By Trevor C. Hale
We have an extra ticket to the Grateful Dead and we want to “miracle” some lucky soul. A “miracle” in Dead parlance means to give someone a free ticket.
When I saw them (with Jerry) 25 years ago in Birmingham and Atlanta, there were scores of hippy chicks floating around the parking lot—along with savory scents of grilled cheeses, patchouli, and other sweet smells—holding signs and fingers up, saying, “Looking for a miracle.” Our plan is for my son Spence to find a worthy seeker in the parking lot and miracle them. This is the last of five Dead shows, ever, and the last chance to earn the cosmic good karma of giving a miracle ticket.
Work brought me to San Francisco for a week, and my wife and son have joined me for an extra week of San Fran shenanigans. Ramadan and summer in Dubai is a great time to be…anywhere but there. It’s the first time in San Fran for Spence and Michelle (my wife), so we start very touristy by walking to Fisherman’s Wharf and Ghirardelli Square. And when in the square, I explained, one must have an Irish coffee at The Buena Vista. Legend has it that the proprietor and a travel writer worked feverishly in the 1950s to replicate the best Irish coffee in the world from Shannon Airport in Ireland.
After a toddy or two, we met friends for a Peruvian dinner in the Mission District at Cholo Soy. Magnificent margaritas, tasty tapas, and succulent ceviche. San Francisco is a culinary treasure and home to no less than 21 Michelin Star restaurants. Alice Waters, owner of Chez Panisse and considered to be the mother of organic, slow cooking and California cuisine, has influenced cuisine in San Francisco and beyond. Birmingham’s own Frank Stitt worked there and was heavily influenced by the farm-to-table philosophy of fresh ingredients and slow food.
Wandering through China Town, we found a wonderful Dim Sum restaurant called Hunan Home. The Xiao Long Bao—pork dumplings filled with pork fat soup—are the best we’ve had outside of China. It’s hard to find good Chinese food in Dubai, much less savory Xiao Long Bao. We ate lunch there most days during our stay. Eating each morsel of goodness, held in a spoon, begins with a tiny bite so the hot soup can be noisily sucked out. Another dip in soy sauce and you’re ready to give yourself over.

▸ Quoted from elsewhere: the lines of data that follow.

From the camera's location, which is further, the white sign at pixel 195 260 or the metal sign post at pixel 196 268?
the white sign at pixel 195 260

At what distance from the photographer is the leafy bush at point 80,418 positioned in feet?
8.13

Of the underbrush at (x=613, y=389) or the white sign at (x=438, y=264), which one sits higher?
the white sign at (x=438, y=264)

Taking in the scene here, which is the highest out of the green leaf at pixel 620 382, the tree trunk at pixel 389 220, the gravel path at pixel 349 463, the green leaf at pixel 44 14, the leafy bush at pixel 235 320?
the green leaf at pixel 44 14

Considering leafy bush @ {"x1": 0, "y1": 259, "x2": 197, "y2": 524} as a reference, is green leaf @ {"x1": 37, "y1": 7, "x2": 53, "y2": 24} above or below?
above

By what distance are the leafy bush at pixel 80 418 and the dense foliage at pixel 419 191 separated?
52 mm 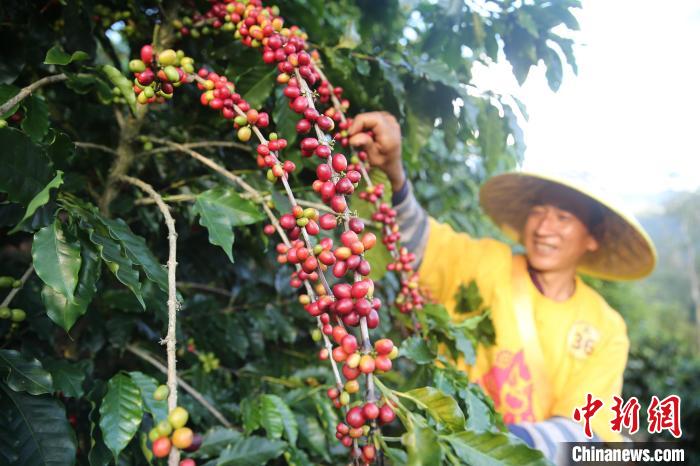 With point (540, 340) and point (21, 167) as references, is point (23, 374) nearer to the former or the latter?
point (21, 167)

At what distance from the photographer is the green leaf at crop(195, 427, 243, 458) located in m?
0.98

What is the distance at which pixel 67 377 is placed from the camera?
92 cm

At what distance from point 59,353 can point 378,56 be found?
4.06 ft

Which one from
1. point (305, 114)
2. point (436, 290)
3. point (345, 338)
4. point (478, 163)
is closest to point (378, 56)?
point (305, 114)

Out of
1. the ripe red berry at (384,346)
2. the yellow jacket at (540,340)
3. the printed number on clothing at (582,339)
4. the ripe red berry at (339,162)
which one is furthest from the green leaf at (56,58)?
the printed number on clothing at (582,339)

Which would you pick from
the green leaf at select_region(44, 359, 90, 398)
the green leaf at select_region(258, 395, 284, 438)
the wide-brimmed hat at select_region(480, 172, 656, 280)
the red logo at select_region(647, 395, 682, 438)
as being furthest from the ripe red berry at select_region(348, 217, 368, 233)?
the red logo at select_region(647, 395, 682, 438)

To work off the Dim Sum, we rented bikes and headed for the Golden Gate Bridge. Riding across that majestic bridge, through a blanket of fog, seeing Alcatraz Island and descending into Sausalito, has to be one of the coolest rides on the planet. Gorgeous views. Chilly and windy, yet sunny, as San Fran goes.

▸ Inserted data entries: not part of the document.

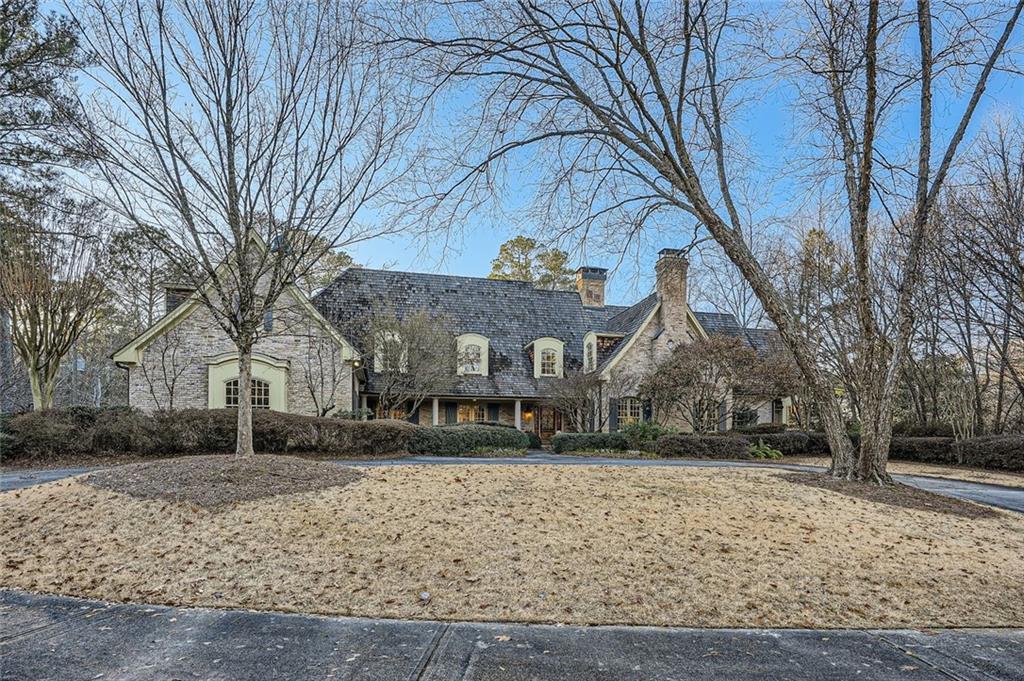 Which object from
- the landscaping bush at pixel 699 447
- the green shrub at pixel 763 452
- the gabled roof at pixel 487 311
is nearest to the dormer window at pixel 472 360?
the gabled roof at pixel 487 311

We decided to go to Napa for a few days and tour some wineries—as one does. On the way, we stopped in Muir Woods to see the majestic thousand-year-old redwood trees. Walking into the park is like entering Tolkien’s Rivendale. The old growth oxygen and lush canopy are instantly calming. My son, the conspiracy theorist, tells me about the Bohemian Grove, a New World Order-like club for heads of state and industry that is apparently nearby. The 100-year-old group is comprised of the 1 percent, has a giant, eerie owl as its mascot, and since the days of Rockefeller has held court in the woods.

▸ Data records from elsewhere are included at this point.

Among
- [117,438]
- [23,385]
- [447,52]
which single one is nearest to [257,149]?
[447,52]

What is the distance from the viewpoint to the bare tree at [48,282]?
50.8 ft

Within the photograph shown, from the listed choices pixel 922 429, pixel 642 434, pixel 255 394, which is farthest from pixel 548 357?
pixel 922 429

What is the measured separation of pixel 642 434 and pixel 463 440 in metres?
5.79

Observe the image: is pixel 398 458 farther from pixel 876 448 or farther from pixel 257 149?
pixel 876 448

Thoughts of conspiracies fade as we enter wine country and begin touring some of the estates. Two standouts are the Sherwin Family Estates and Krupp Brothers/Stagecoach Vineyard, both offering sublime Cabernet Sauvignons. My paltry palate and pen can’t do them justice here. Well worth the visit.
Spence never found anyone to miracle at the Dead show. We thought to ourselves, “Miracles don’t happen every day.” And you can’t buy karma. Besides, our karma must be just fine if we are able to enjoy the sumptuous offerings of San Fran with family.
As the sun set and the Dead opened with “Truckin,” a double rainbow appeared over the stadium, prompting many to say Jerry was there. And that’s miracle enough.